(TASK INPUT)
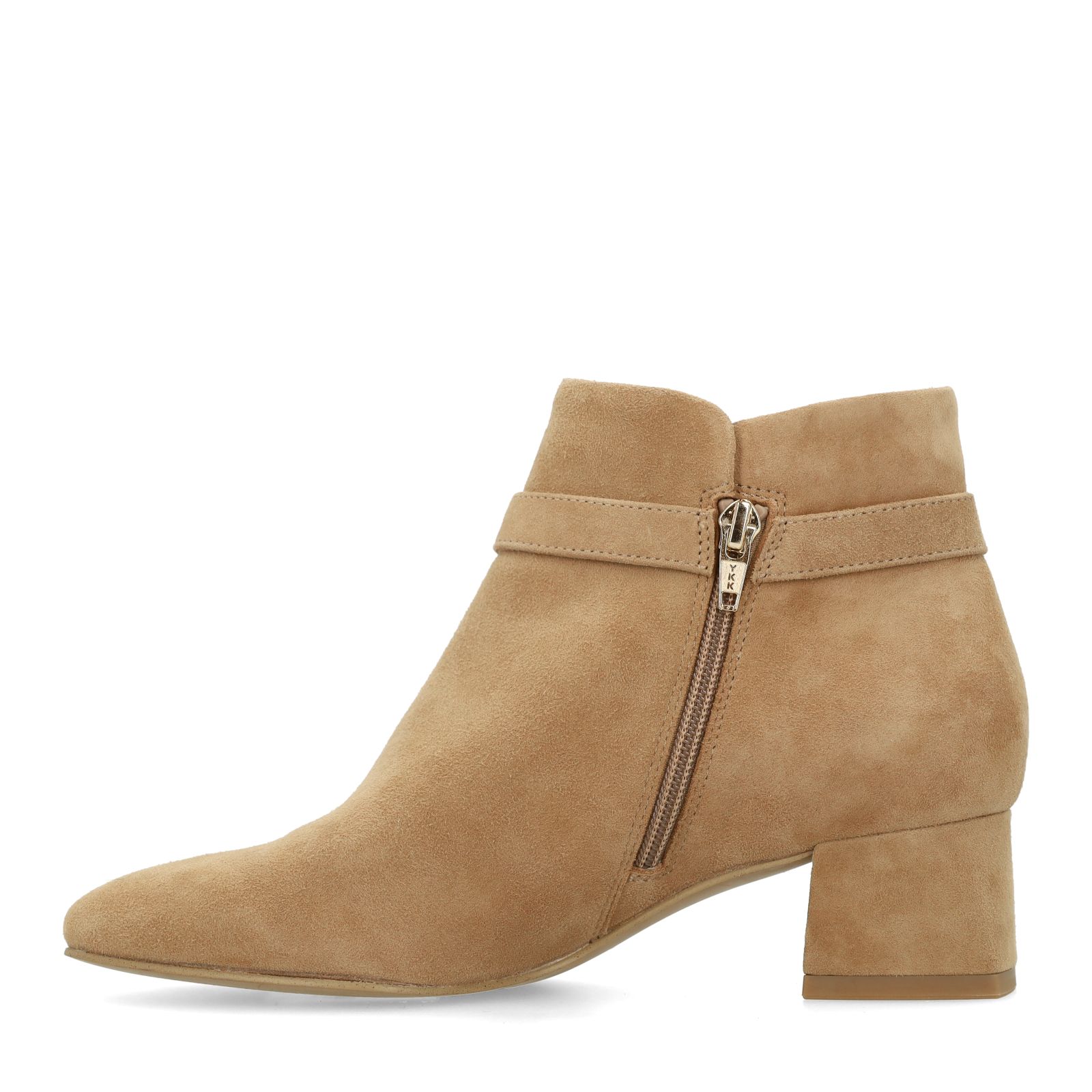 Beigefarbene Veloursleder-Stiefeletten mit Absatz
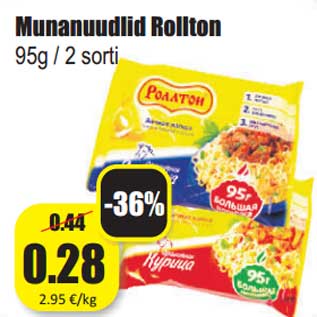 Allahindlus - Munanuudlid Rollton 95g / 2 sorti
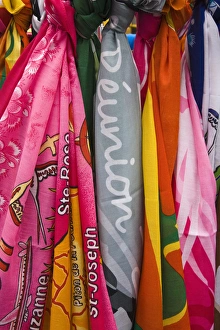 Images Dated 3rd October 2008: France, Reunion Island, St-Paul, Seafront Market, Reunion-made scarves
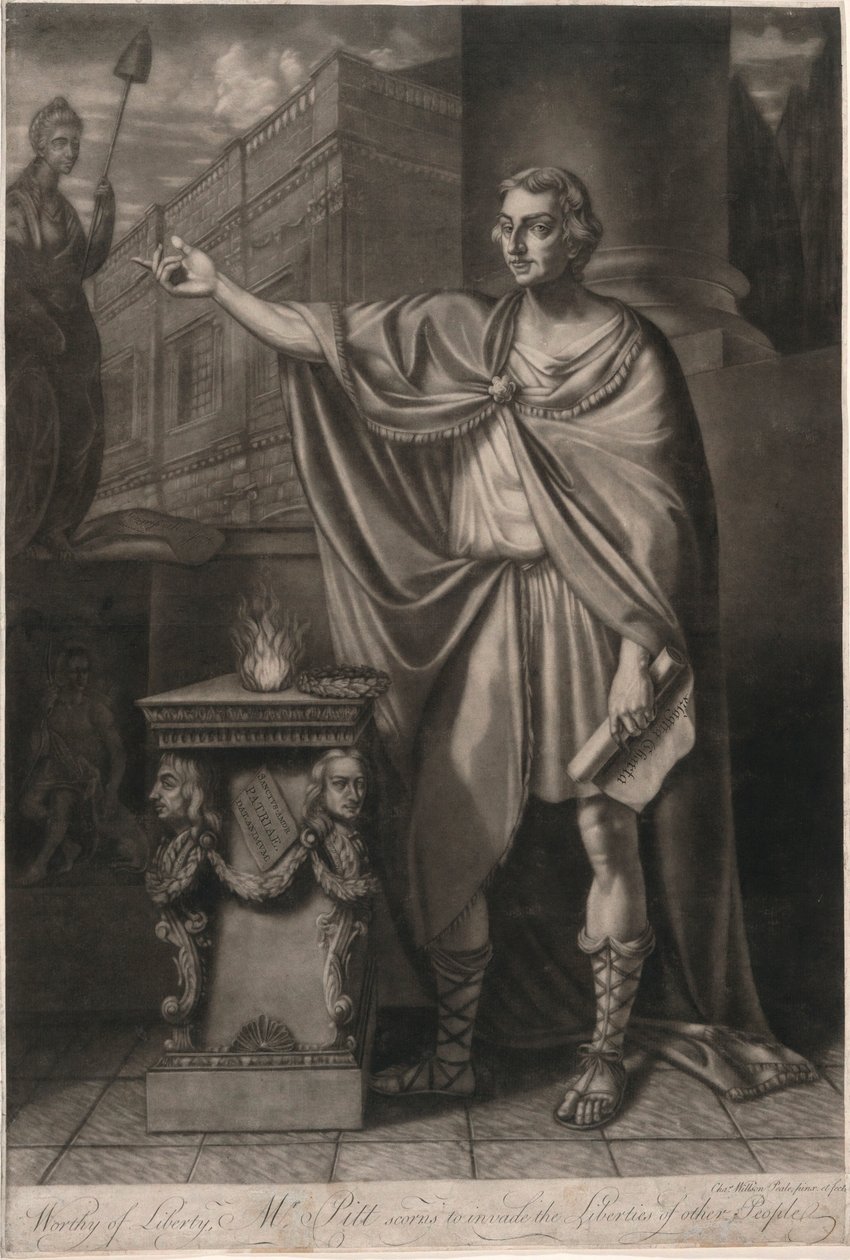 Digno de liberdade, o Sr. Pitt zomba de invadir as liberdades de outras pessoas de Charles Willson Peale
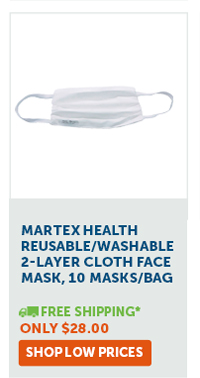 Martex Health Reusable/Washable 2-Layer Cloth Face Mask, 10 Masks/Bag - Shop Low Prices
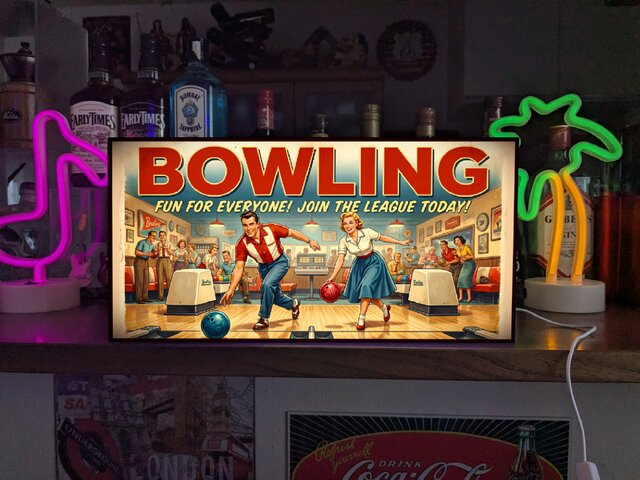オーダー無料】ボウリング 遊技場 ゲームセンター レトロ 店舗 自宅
(End TASK INPUT)
WORK TO COMPLETE >> Give back an exact repeat of the lines from the top of the data through the line that holds "Digno de liberdade, o", both included, and omit pictures.

ANSWER SPACE >>
 Beigefarbene Veloursleder-Stiefeletten mit Absatz
 Allahindlus - Munanuudlid Rollton 95g / 2 sorti
 Images Dated 3rd October 2008: France, Reunion Island, St-Paul, Seafront Market, Reunion-made scarves
 Digno de liberdade, o Sr. Pitt zomba de invadir as liberdades de outras pessoas de Charles Willson Peale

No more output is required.